#### RECORDED INFORMATION

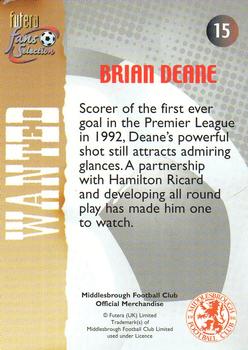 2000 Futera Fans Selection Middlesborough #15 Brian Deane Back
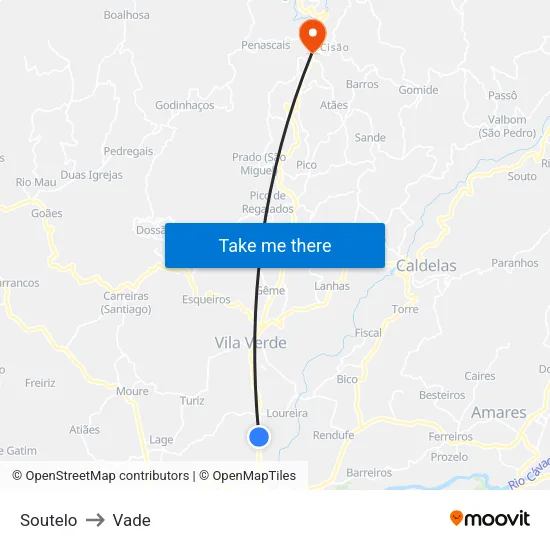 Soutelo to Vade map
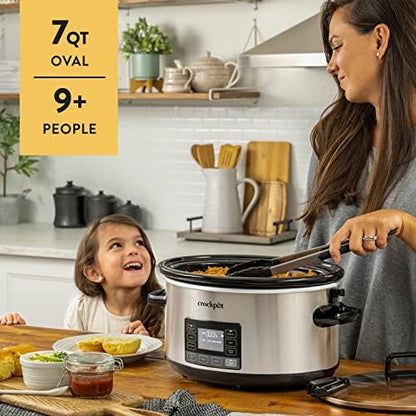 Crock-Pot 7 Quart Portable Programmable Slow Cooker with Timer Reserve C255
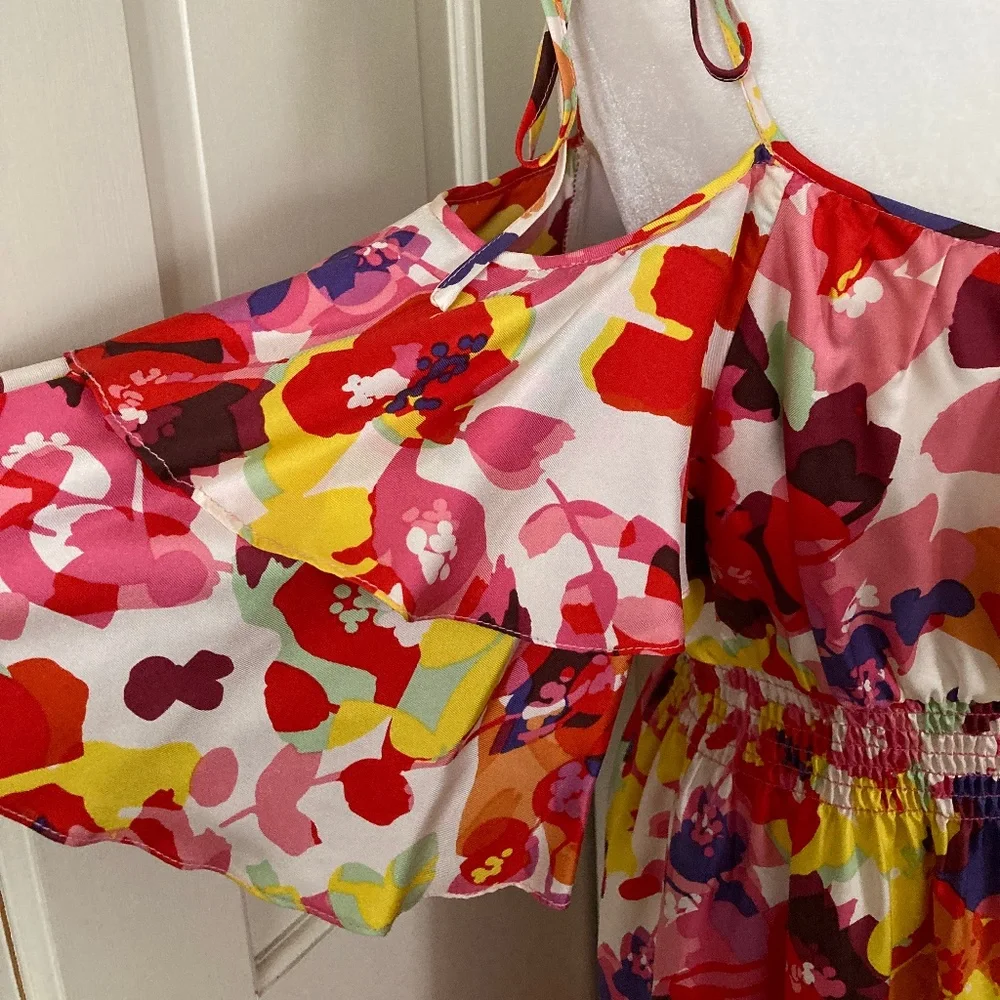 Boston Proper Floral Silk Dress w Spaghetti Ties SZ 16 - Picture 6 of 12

########

▶ [TASK GOAL]: Return the full material word for word. Do not include the pictures.

▶ [TASK RESPONSE]:
 2000 Futera Fans Selection Middlesborough #15 Brian Deane Back
 Soutelo to Vade map
 Crock-Pot 7 Quart Portable Programmable Slow Cooker with Timer Reserve C255
 Boston Proper Floral Silk Dress w Spaghetti Ties SZ 16 - Picture 6 of 12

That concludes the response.